According to “al-Quds al-Arabi”, the Yemeni sources considered the step taken by Saudi Arabia a sort of resuming the finance and arrangement of situations of the Yemeni opposition elements abroad. The efforts of such opposition elements emerged with calls to coupe against the regime in Sana'a starting from Britain under several banners.
The prominent items of the border treaty signed between the two countries in Jeddah in 2000 included the commitment of Riyadh to halt the spiritual and material support for theYemeni opposition abroad, improving situations of the Yemeni workforce in Saudi Arabia and backing the Yemeni desire to joint the Gulf Cooperation Council.
Five years passed after the treaty without achieving anything in favor of Yemen while the Kingdom of Saudi Arabia obtained all it wanted, topped by the demarcation of borders with Yemen at the border points drawn by Riyadh.
“The two governments tend to calm down the nature of the exacerbating disputes between them and what is cited reflects the existence of a relations crisis that is expected to develop and call back the atmospheres of the cold war, which culminated before signing the border treaty at the beginning of the last decade,” the London-based Newspaper noted.

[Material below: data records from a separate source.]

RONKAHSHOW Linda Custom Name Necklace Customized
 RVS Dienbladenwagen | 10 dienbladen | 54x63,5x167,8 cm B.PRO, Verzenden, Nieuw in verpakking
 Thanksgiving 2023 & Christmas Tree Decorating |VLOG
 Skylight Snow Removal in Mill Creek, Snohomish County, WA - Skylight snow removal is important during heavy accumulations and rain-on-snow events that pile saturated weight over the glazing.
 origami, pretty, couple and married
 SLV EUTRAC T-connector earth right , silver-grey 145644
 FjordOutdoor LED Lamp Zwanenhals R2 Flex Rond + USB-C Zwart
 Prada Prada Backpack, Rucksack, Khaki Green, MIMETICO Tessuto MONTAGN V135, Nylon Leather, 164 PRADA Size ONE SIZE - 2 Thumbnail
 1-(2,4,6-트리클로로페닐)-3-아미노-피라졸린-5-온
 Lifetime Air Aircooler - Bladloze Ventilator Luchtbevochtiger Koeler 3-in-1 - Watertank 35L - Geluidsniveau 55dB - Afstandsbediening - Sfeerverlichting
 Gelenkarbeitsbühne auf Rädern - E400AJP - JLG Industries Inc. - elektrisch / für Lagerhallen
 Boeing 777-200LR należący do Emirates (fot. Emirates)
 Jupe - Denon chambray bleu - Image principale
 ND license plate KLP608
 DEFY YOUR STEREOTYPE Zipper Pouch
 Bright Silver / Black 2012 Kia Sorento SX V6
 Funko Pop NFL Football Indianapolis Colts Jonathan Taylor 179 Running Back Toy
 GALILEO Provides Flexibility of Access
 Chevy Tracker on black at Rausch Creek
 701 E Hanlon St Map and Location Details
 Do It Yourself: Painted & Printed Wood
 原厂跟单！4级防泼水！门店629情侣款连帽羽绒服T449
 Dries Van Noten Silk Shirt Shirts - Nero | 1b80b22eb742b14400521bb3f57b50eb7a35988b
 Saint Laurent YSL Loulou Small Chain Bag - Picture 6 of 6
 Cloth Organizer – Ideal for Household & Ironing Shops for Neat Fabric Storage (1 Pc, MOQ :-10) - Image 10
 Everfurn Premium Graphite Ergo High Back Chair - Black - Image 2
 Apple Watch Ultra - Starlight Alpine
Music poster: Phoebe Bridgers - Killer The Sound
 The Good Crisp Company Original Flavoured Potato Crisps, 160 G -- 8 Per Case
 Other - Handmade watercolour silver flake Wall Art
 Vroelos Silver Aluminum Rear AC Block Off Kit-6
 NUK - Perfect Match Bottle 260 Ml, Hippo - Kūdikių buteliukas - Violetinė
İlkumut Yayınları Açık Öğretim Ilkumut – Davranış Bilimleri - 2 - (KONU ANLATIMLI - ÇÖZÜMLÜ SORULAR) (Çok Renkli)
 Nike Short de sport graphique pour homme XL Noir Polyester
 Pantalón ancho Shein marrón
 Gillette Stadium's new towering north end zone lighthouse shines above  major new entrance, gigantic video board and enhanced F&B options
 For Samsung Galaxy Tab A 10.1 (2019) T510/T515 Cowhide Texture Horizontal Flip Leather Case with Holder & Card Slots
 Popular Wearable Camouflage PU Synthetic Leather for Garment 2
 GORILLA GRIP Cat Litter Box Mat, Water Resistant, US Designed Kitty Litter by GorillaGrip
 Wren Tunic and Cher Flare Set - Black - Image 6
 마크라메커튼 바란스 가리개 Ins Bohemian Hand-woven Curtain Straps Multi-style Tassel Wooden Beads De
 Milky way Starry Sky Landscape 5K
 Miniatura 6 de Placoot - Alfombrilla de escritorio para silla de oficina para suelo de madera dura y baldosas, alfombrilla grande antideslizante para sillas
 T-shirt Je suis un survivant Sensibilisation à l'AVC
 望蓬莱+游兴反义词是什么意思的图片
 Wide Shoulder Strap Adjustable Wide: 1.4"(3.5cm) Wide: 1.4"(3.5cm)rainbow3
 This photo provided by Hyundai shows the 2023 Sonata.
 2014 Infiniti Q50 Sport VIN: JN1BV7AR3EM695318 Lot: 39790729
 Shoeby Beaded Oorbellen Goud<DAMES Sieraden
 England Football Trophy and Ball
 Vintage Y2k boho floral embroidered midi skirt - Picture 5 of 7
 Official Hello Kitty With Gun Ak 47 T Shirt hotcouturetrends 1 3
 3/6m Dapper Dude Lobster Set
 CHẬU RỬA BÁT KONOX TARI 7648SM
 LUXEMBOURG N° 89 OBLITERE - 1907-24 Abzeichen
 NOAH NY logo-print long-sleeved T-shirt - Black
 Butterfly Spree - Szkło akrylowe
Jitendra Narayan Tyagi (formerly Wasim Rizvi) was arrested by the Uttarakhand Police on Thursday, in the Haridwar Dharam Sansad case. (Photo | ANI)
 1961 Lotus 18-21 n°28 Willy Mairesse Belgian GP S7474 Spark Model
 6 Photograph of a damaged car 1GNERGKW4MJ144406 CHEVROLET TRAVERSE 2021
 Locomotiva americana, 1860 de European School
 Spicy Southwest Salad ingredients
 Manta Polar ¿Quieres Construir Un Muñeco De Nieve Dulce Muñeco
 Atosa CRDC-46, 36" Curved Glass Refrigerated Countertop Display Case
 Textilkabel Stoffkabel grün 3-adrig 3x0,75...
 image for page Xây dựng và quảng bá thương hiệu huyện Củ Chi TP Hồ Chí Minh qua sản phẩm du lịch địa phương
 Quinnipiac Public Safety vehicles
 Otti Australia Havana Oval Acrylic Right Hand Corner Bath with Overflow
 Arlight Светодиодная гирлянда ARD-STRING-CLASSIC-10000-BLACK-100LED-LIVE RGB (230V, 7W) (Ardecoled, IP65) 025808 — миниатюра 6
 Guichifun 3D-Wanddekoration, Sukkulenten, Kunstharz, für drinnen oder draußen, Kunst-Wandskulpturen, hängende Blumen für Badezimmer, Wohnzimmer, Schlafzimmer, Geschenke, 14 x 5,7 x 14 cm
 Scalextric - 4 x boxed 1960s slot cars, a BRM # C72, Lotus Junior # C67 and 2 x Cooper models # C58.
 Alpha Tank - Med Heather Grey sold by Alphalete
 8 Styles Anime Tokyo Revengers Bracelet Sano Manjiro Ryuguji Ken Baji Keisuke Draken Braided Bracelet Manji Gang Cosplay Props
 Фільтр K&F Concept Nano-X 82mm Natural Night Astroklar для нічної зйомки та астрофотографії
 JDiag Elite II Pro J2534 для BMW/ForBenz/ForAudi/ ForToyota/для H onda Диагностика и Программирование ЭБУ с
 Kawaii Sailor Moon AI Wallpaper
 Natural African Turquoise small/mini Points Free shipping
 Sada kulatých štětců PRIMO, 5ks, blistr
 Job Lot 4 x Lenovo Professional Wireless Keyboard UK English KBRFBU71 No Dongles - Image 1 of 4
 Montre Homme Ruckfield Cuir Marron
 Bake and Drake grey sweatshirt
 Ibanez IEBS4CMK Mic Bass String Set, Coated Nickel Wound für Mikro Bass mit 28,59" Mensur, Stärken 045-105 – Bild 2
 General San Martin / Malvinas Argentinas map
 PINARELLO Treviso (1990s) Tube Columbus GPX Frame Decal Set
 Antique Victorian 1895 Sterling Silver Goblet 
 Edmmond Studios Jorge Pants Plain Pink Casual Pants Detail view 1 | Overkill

” The Yemeni government feels oppressed because Saudi Arabia does not abide by the accords reached as part of settling the border disputes allowing around one million Yemeni to work in Saudi Arabia after they were deported during the second Gulf war.”
Regarding the Yemeni-Saudi ties, al-Quds al-Arabi daily concluded: “if the news leaked by the Yemeni side is correct that Saudi Arabia supports the mounting Yemeni opposition, the relations between the two Arab countries will go from bad to worse and Saudi Arabia will be the big loser since its security situation is more fragile. If the Yemeni government does not have a hand in stopping all the operations of weapon trafficking to members of al-Qaeda Organization in Saudi Arabia, this will destroy the successful achievements scored by the Saudi security authorities over the last few months in besieging and contracting al-Qa'eda activities.
Additionally, Saudi Arabia experiences border crises with most of its neighbors such as the U.A.E., Qatar and Kuwait, its relations with Oman and Bahrain is not good, and its relations with Iraq are somehow mysterious, according to the London-based Newspaper.